Quem vê o zagueiro Luan brilhando com a camisa do Vasco desde as categorias de base até acha que o jogador é natural do Rio de Janeiro. No entanto, apesar de residir na Cidade Maravilhosa desde os 13 anos, quando chegou para atuar nas categorias de base e morar em São Januário, o jogador nasceu no Espiríto Santo. Criado na cidade de Fundão, Luan atuará pela primeira vez no estado natal no sábado. E não esconde a felicidade por ter a família em peso nas arquibancadas do Kleber Andrade.

– Estou muito feliz. Com certeza a família vai pro estádio em peso, estão todos ansiosos pra me ver. A festa é só para eles, pra mim é um compromisso. Está uma briga nada por ingresso. Já alugaram duas vans por lá. Estou perturbando o pessoal do Vasco aqui. Euriquinho, Isaías (gerente de futebol), todo mundo está sofrendo comigo nessa semana com essa coisa de pedir ingresso. Sou capixaba, amo meu estado e me sinto honrado de poder jogar lá como profissional – revela Luan.

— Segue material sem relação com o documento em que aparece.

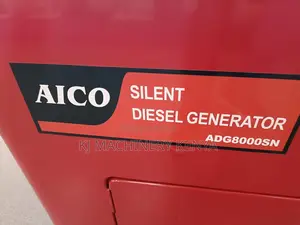 9kva Automatic Generator - Aico Japan Brand on OFFER!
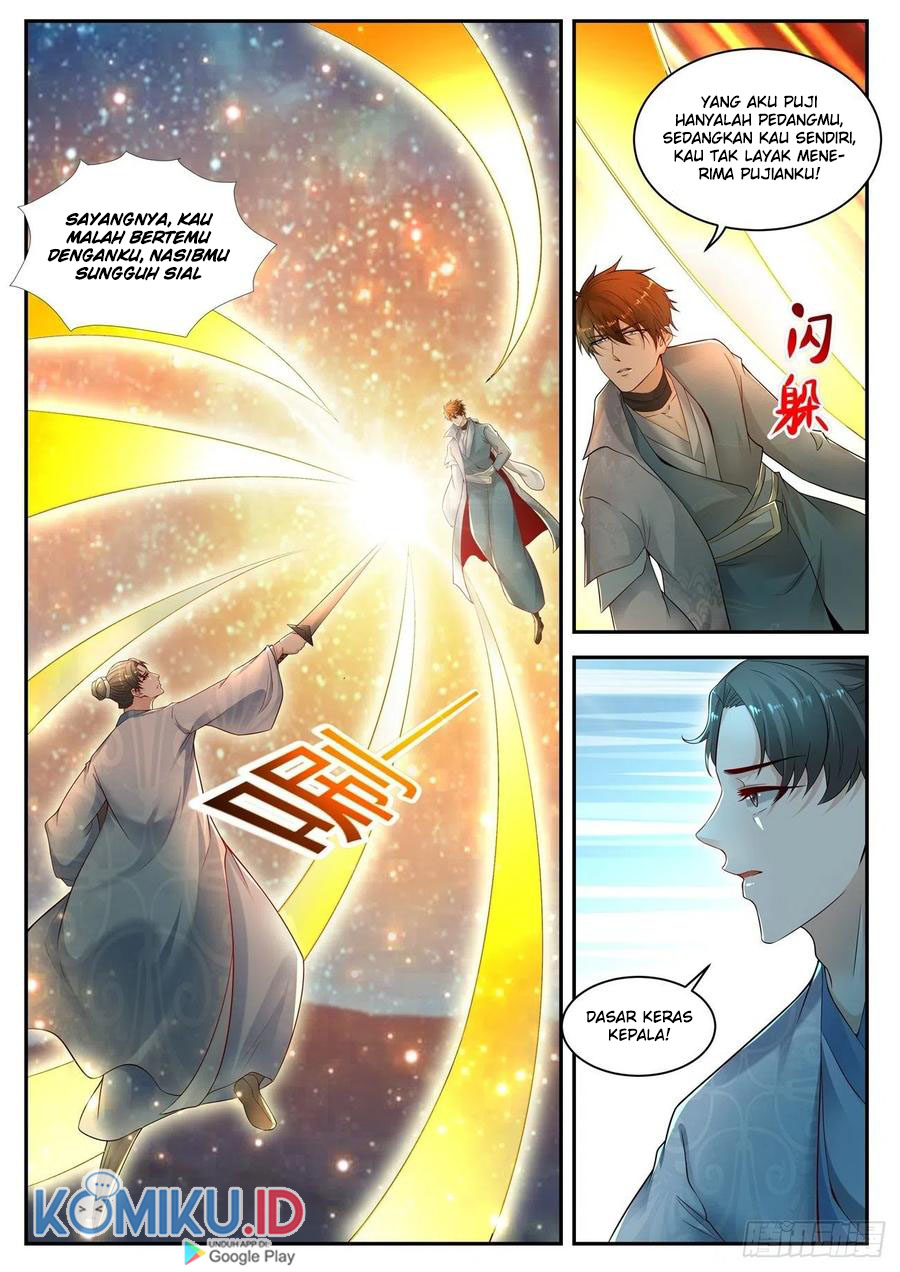 Rebirth Of The Urban Immortal Cultivator Chapter 529 - https://gambar-id.komiku.org/wp-content/uploads/2334374-6.jpg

A distância da cidade de Luan até Cariacica não é muito grande. Segundo o jogador, o caminho que será feito pelas duas vans alugadas pela família deve durar entra 30 e 40 minutos. Prestes a completar 23 anos, Luan viveu pelo menos uma década em São Januário. Como o próprio diz, foi lá que ele estudou, treinou e moldou seu caráter. Feliz pela oportunidade de jogar em casa, deixa a emoção para fora do campo.

– Eu vou estar muito focado no jogo. Mas na cabeça dos meus familiares acho que vai passar um filme. Vai ser a história de um garoto que saiu de lá com 13 anos, com objetivo de mudar a vida dos irmãos e dos seus familiares. Acho que vai ser muito legal pra mim atuar lá. O povo capixaba também gosta de mim, pelo orgulho que tenho da onde saí. Essa reflexão vou deixar pra eles. Vai ser um jogo muito pegado e eu vou trabalhar muito para vencer – diz Luan.

Vascaíno e capixaba, Luan é a referência do time nesta volta a um estádio com tantos torcedores do Vasco após mais de cinco anos. Além de seus familiares de sangue, o zagueiro cria da Colina vai reencontrar uma família muito maior que duas vans: a cruz-maltina.